Check this essay out- here’s a quote:
The concentrated effort to stop this despoliation has led the local, state, and federal agents engaged in this oft-dangerous work to refer to themselves as the Thin Green Line. They do not see their actions simply as a piece of the controversial War on Drugs, but as a battle to protect and preserve imperiled landscapes. Yet there is not enough money or labor to do this critical rehab work. In 2010, volunteer restoration teams managed to reclaim 70 sites across the state, but more than 800 had been identified. Still, they and law enforcement do what they can.
Or, better, do what they feel they must. Lt. John Nores, Jr., of California’s Department of Fish and Game makes this case in War in the Woods: Combating the Marijuana Cartels on America’s Public Lands, a hyped-up if compelling account of the anguish he and his comrades feel at the end of each operation. Notwithstanding the book’s evocation of Vietnam–camouflaged strike forces slipping though a dense tangle wary of booby traps and stalking a well-armed enemy–it also advocates full restoration of the abused land.

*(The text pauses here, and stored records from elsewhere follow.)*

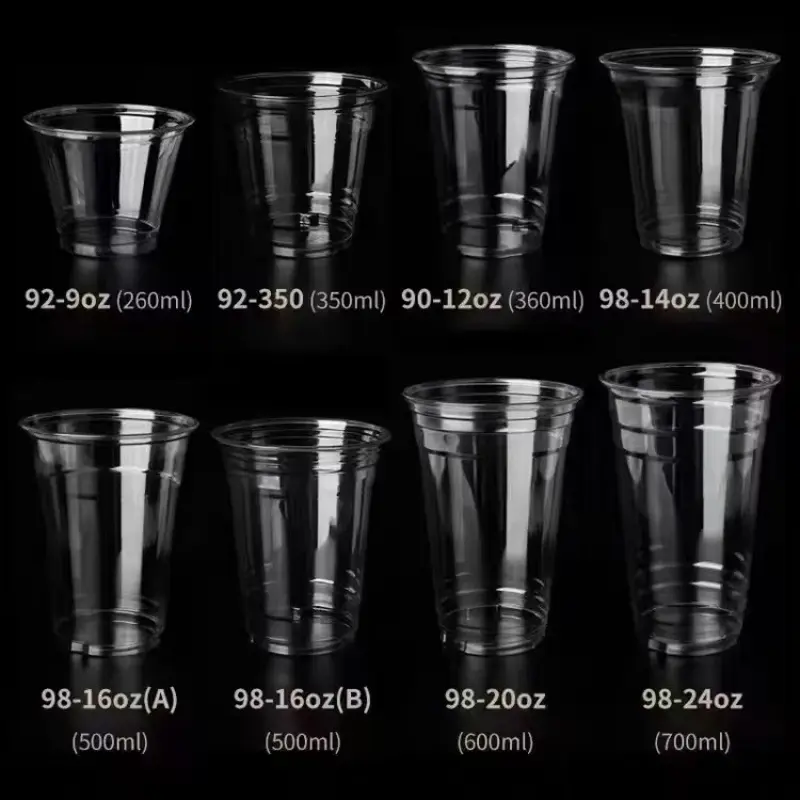 Custom PET Glass Cup with lids Suppliers, Exporters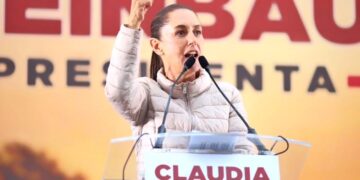 La ley SB4 de Texas es violatoria de los derechos humanos, discriminatoria y no va a resolver nada: Claudia Sheinbaum desde Reynosa, Tamaulipas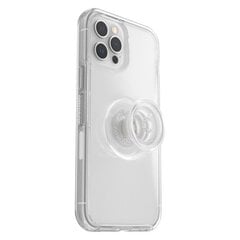 OtterBox Symmetry Clear, iPhone 12 Pro Max skaidrus kaina ir informacija | Telefono dėklai | pigu.lt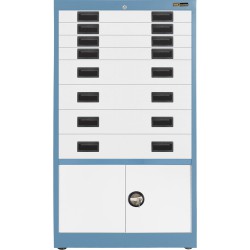 4x 3" + 4x 6" Drawers / 2x 15" Bottom Doors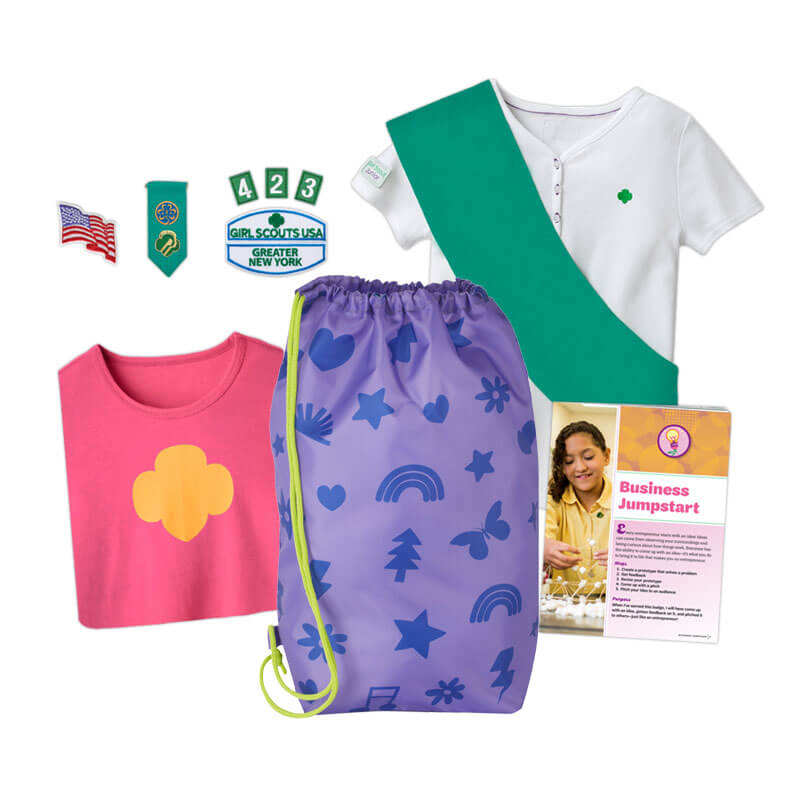 My Girl Scout Junior Kit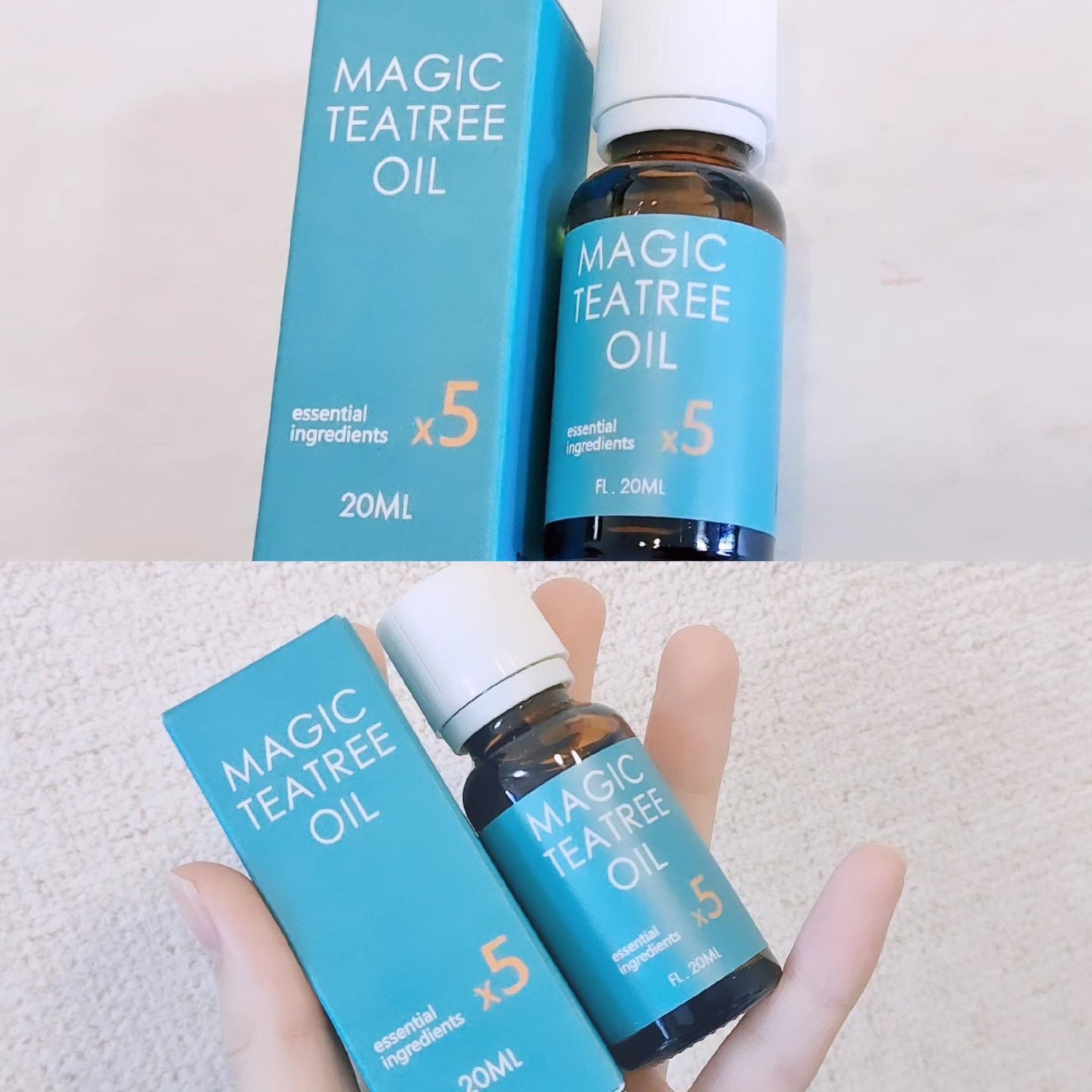 マジックティーツリーオイル/ブラン/フェイスオイルを使ったクチコミ(1枚目)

Just before taking down an illegal dam that fed a major cultivation site along Bonjetti Creek in eastern face of the Santa Cruz Mountains, Nores muses:
“The creek water above the dam is clean, clear, and cold, just like a high-mountain trout stream in California’s Sierra Nevada. The surrounding ferns, grasses, and thick tree canopies above the creek are similarly pristine and beautiful….Standing here I have a hard time imagining that more than a million people are hustling around the San José area only a short distance from us, and yet these amazing natural areas are so close and provide so much to our environment and its wildlife species.”